A tese principal é que procuramos por empresas de tecnologia focadas, inicialmente, na América Latina, que tenham excelentes empreendedores no comando e que busquem mercados amplos com modelos de negócios sustentáveis. Dentro disso, como você disse, somos agnósticos. Mas, se eu tivesse que dizer, acredito que as fintechs continuarão sendo uma área muito relevante. E, dentro das fintechs, provavelmente mais B2B e mais infraestrutura. A primeira onda de inovação em fintech ocorreu no lado B2C e agora veremos mais no lado B2B e de infraestrutura. Além disso, creio que educação e saúde e ainda startups relacionadas à proteção do meio ambiente, à criação de soluções mais sustentáveis e tecnologia climática terão um espaço muito relevante.
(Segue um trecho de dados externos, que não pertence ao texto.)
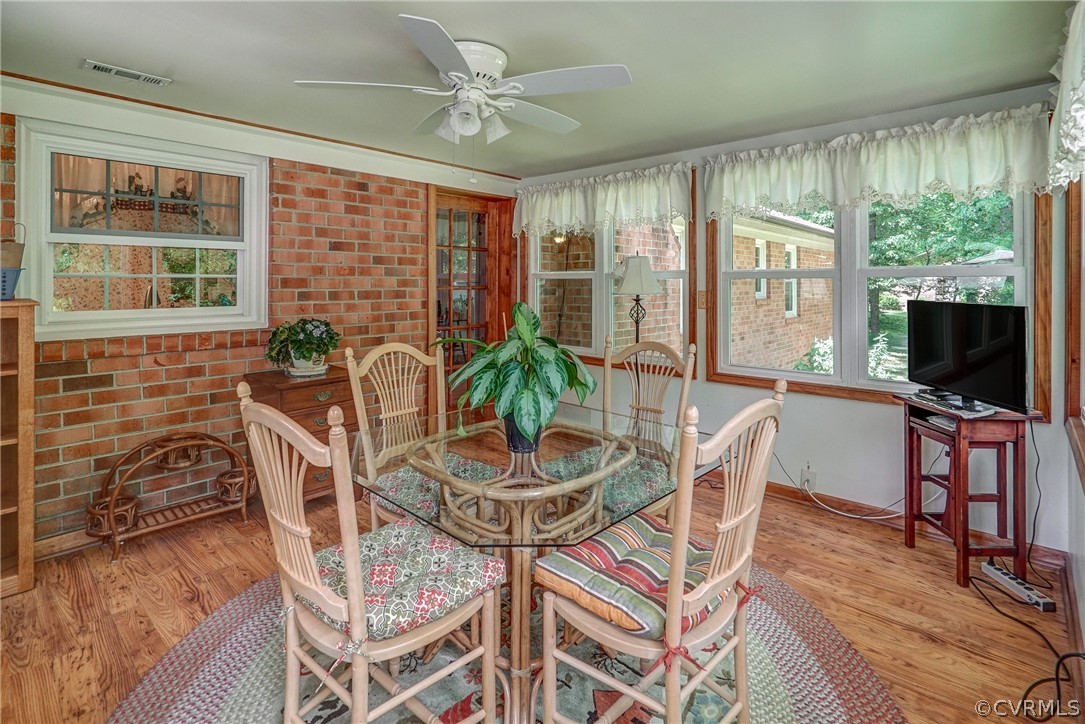 7651 Varann Road Henrico, VA 23231 - Photo 31 of 44 a view of a dining room with furniture window and outside view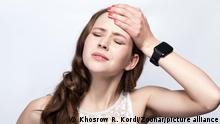 Portrait of beautiful woman with freckles and white dress and smart watch with headache pain on silver gray background. healthcare and medicine concept. || Modellfreigabe vorhanden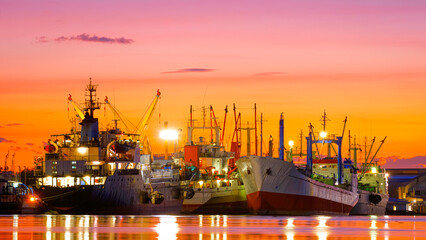 Group of fishing boats and oil tanker ship dock at port for unloading in the riverside industrial area against colorful twilight sky background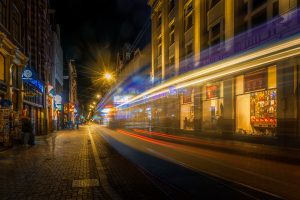 Shopping street Leidsestraat at night, a tram passing by, light streaks, Amsterdam, Netherlands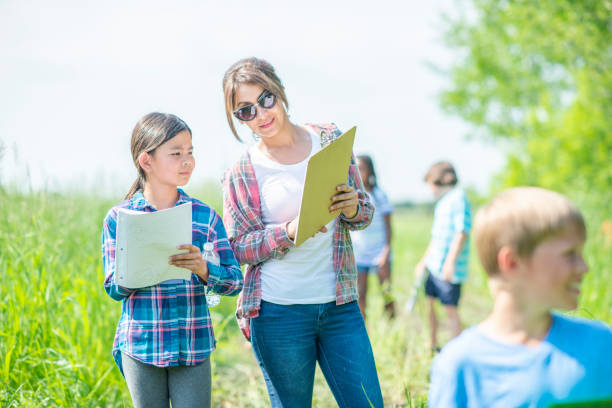 istock Comparing Results of an Outdoor Science Class 1362423386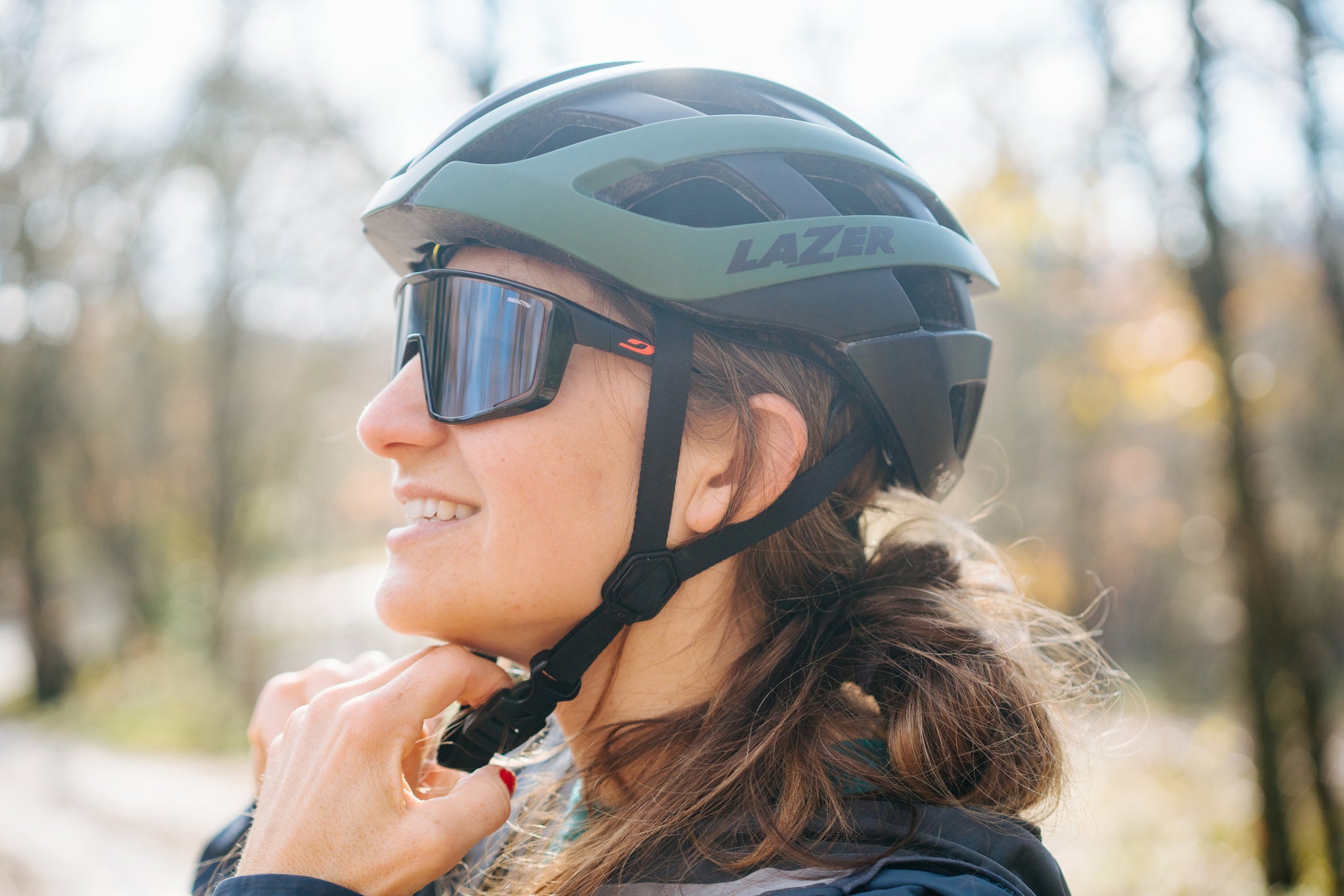 Women buckling her Lazer G1 MIPS road helmet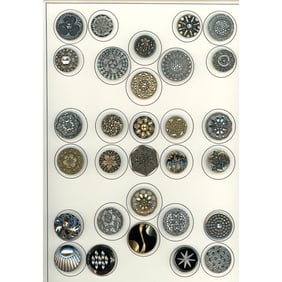 A card of division one and three black glass buttons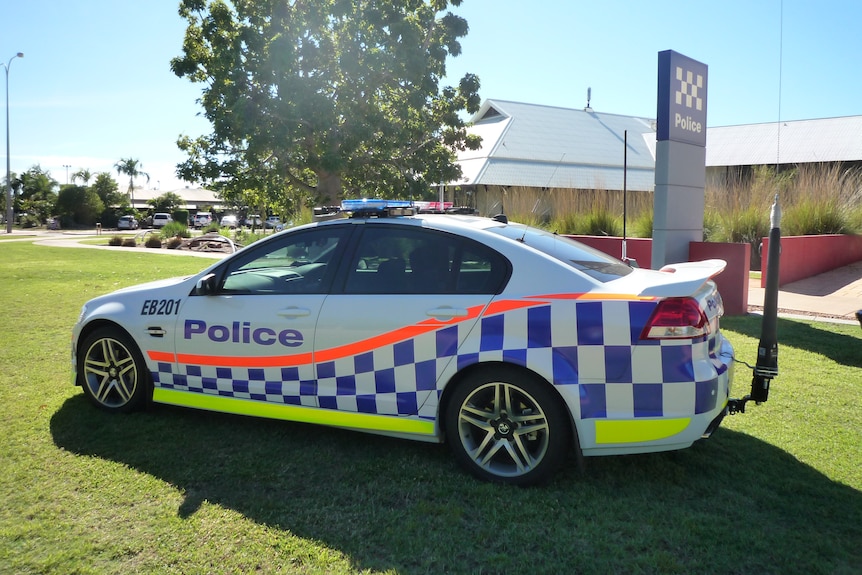 A police car parked on grass outside a police station.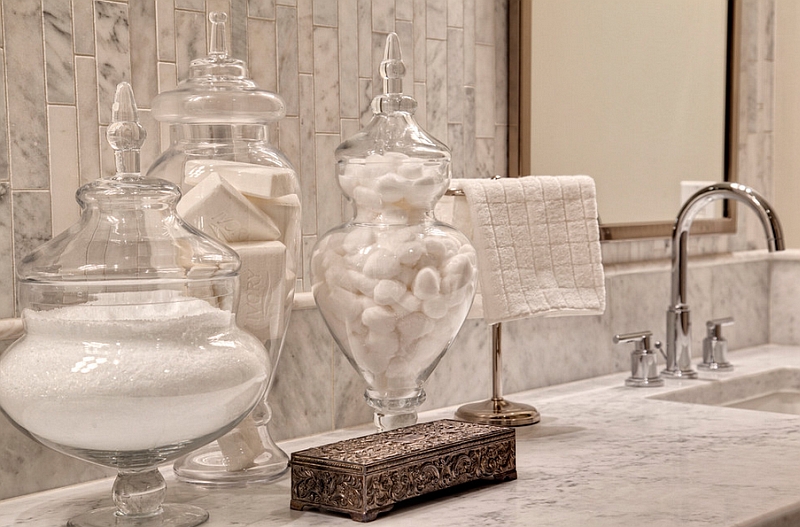 Glass apothecary jars help bring in a spal-like elegance to the bath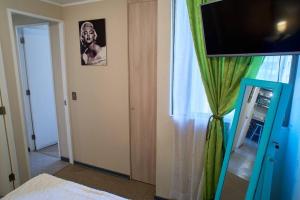阿里卡Departamento amoblado en arriendo的一间配有电视的房间和一个带窗帘的窗户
Um dos maiores desafios que enfrentamos como humanidade é como lidar com o planeta de forma mais sustentável e acredito que a solução para isso não virá do consumo reduzido de energia ou do uso reduzido de resíduos. Devemos fazer isso porque é a coisa certa a fazer, mas isso não será suficiente. Isso representará 1% da solução do problema. 99% da solução do problema será com tecnologia, coisas como fontes alternativas de energia, novas tecnologias para processar resíduos, gerar menos resíduos e para limpar o ar etc. Isso é o que, eventualmente, tornará este planeta sustentável novamente.

Com esse novo capital levantado, quais são os novos planos da Kaszek? Tem alguma próxima captação a caminho?
Não, por enquanto estamos focados em começar a investir nesses fundos no próximo ano. Isso levará pelo menos três anos, eu diria. Eventualmente, voltaremos ao mercado para levantar outro fundo, mas isso provavelmente acontecerá em 2027, talvez 2026. 

Em quantas empresas vocês planejam investir?
Eu diria cerca de 30 empresas para o fundo de estágio inicial e 15 para o estágio mais avançado, totalizando 45 startups.

Qual é o tamanho desses investimentos?
O primeiro investimento é cerca de 5 milhões de dólares e a partir daí investimos mais nas empresas que gostamos e que exigem mais capital. 

Vocês estão planejando fazer algumas saídas?
Na verdade, tivemos algumas saídas durante este ano e atualmente estamos em discussão com algumas empresas porque há interesse de players estratégicos que desejam adquirir essas empresas e estamos bem com isso porque faz parte do processo. Os grandes resultados para nós vêm de IPOs e esse mercado ficou fechado até recentemente. Agora, acredito que está se abrindo lentamente, mas de forma constante, e esperamos que essa tendência continue. Se acontecer, gostaria de ver algumas ótimas empresas de tecnologia latinoamericanas fazendo IPO, talvez em 2024, mas, provavelmente, em 2025. Seria ótimo ter mais empresas como o Nubank por aí.